Many of us, she said, push aside our hobbies, our health, our identities to act as butler, Sherpa, concierge, ATM, short-order cook and talent agent to our kids. And then we wonder why we’re exhausted. And a little ticked off.

“What happens so consistently is parents are nice, nice, nice, enraged,” she said. “It becomes a mutual indignation competition, where the kids’ currency is to complain about their parents, and the parents’ currency is to feel demoralized about their children.”

I would like to avoid this, I told her. What if I encourage them to ask me about my day when I pick them up from school?
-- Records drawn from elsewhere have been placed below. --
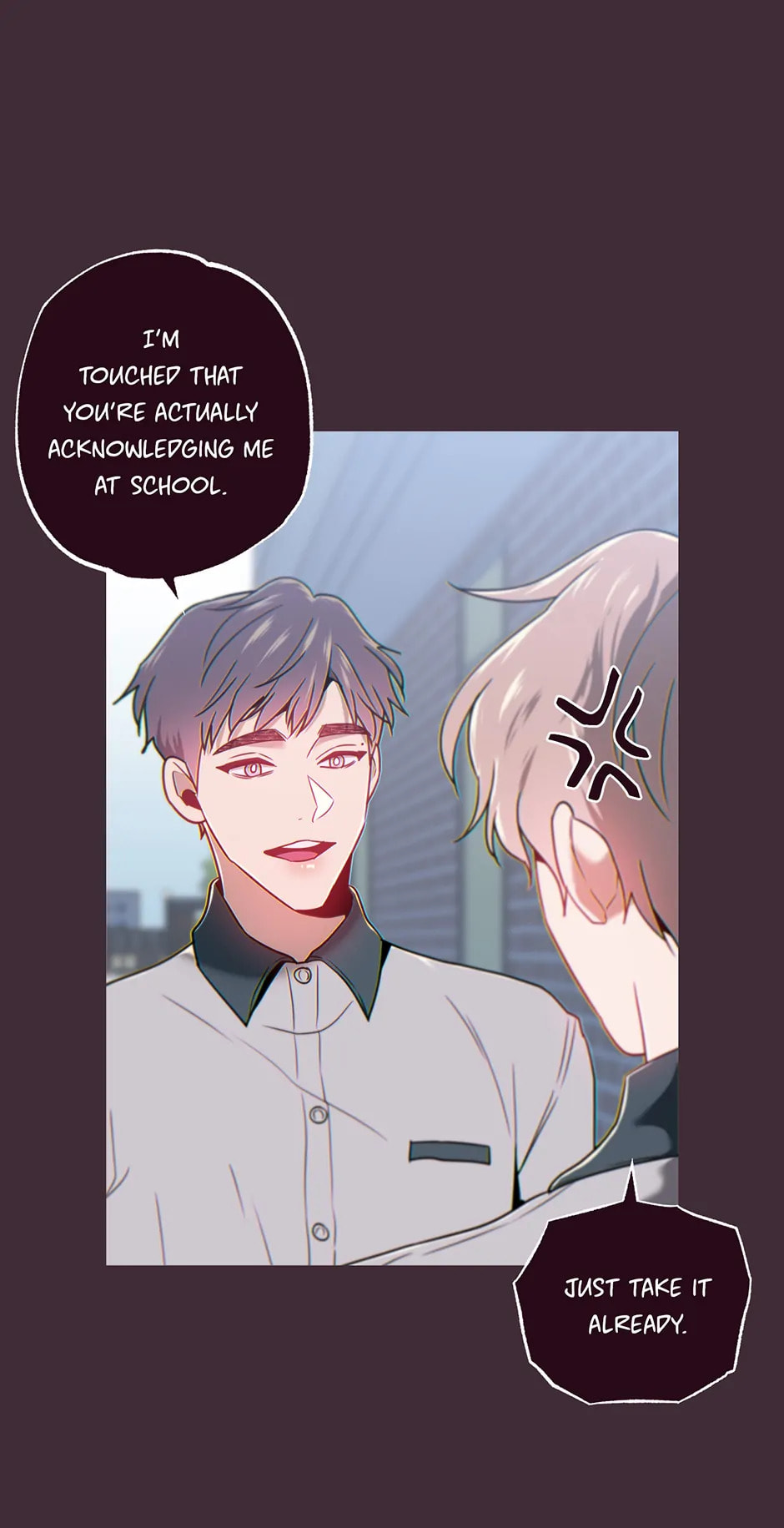 Read Falling Down chapter 32 image 43 on Lezhin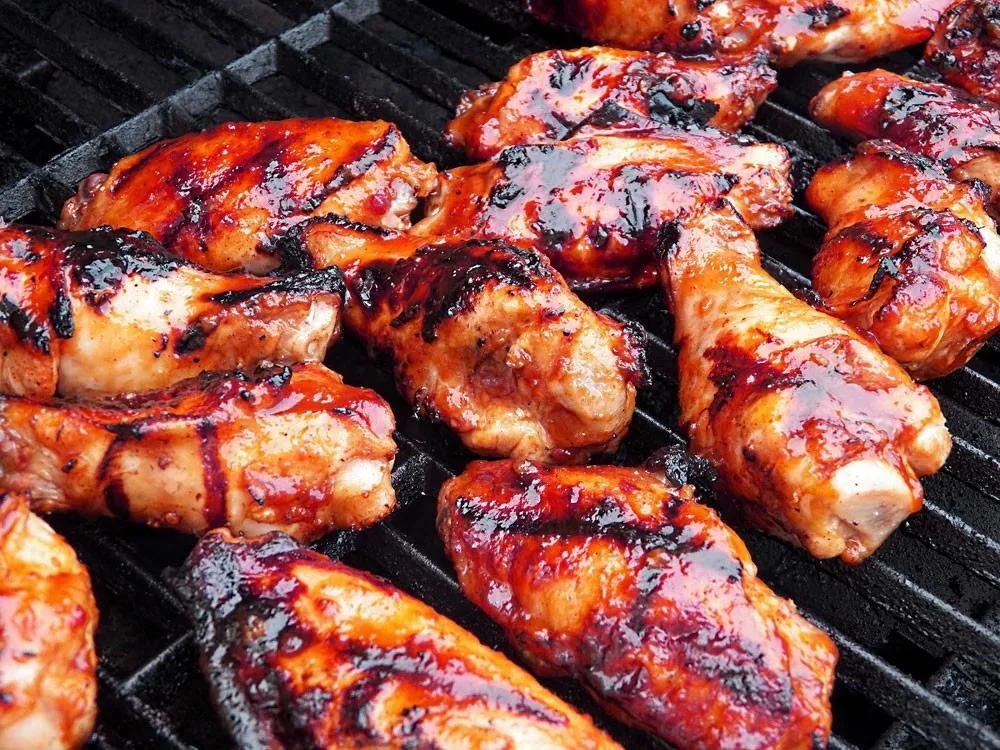 BBQ marinades - the best tips for best marinades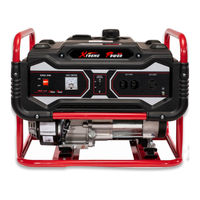 Xtreme Power 65038-1 Owner's Manual And Safety Instructions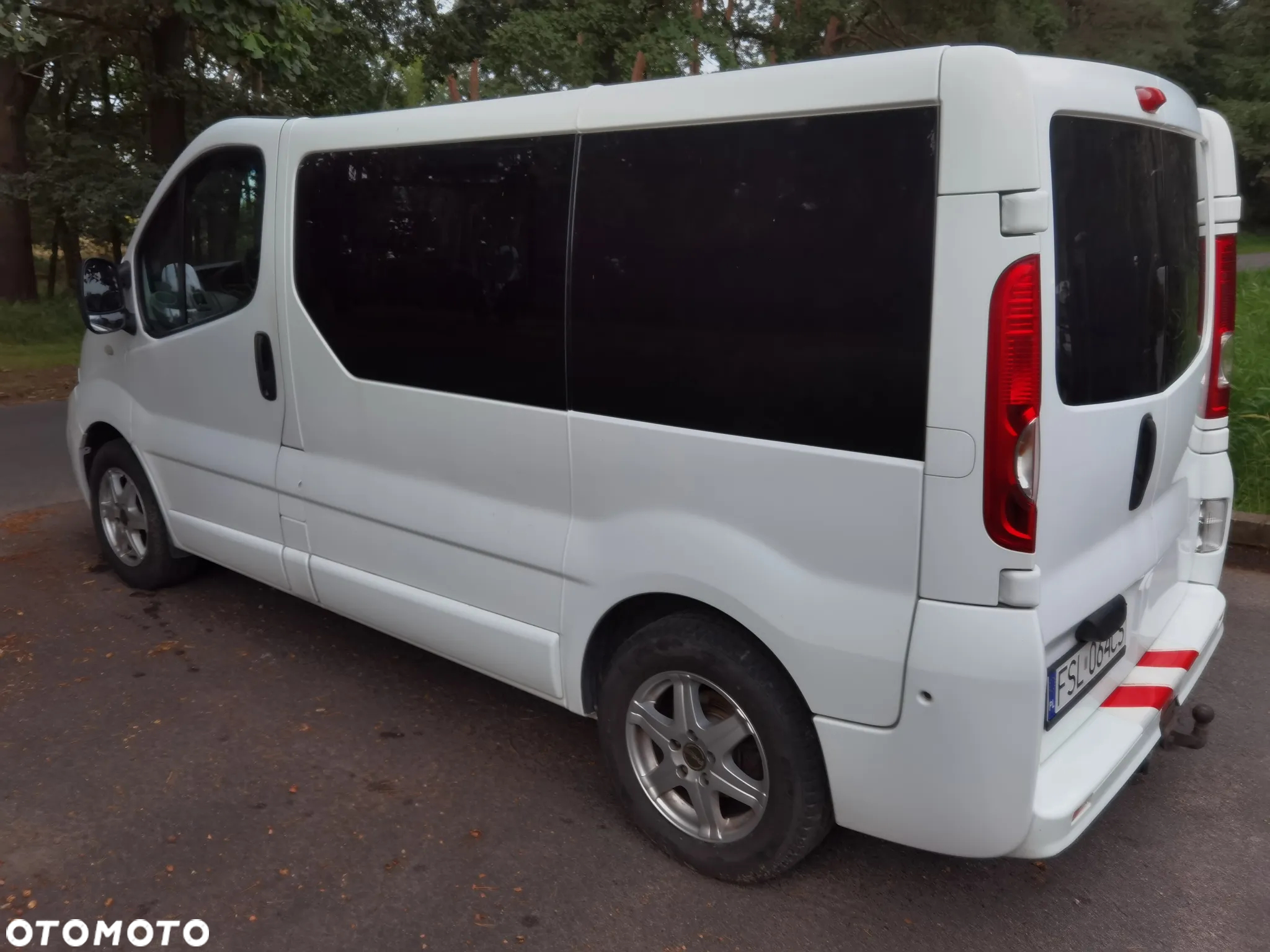 Renault Trafic L1H1 Generation Lux - 11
“I’d rather hear them say ‘please’ and ‘thank you’ and not slam doors and not interrupt when you’re on the phone,” she says. “I’d rather have them flush the toilet and … not leave their shoes where someone can trip.”

Well, me, too, obviously. What does this have to do with reminding them I’m human?

“The point is empathy and sensitivity and kindness to others,” Mogel said. “It’s about family citizenship and communal responsibility.

“It’s careless and insulting on the part of the child and does not demonstrate empathy for parents if children aren’t doing their part to keep operations running smoothly.”

I think this is huge. We’re teaching our kids how to live, which means growing their minds, stretching their imaginations and keeping them active, fed, balanced.

We’re also teaching them how to love.

We get first crack at their hearts. They love us truly and, if we’re lucky, for life. But there will be others — partners, friends, in-laws and, maybe, children of their own.

I want my kids to love with all their energy. I want them to love with compassion. I want them to know that errors are both inevitable and forgivable. I want them to show mercy.

If I don’t teach them that, I’m not sure who will.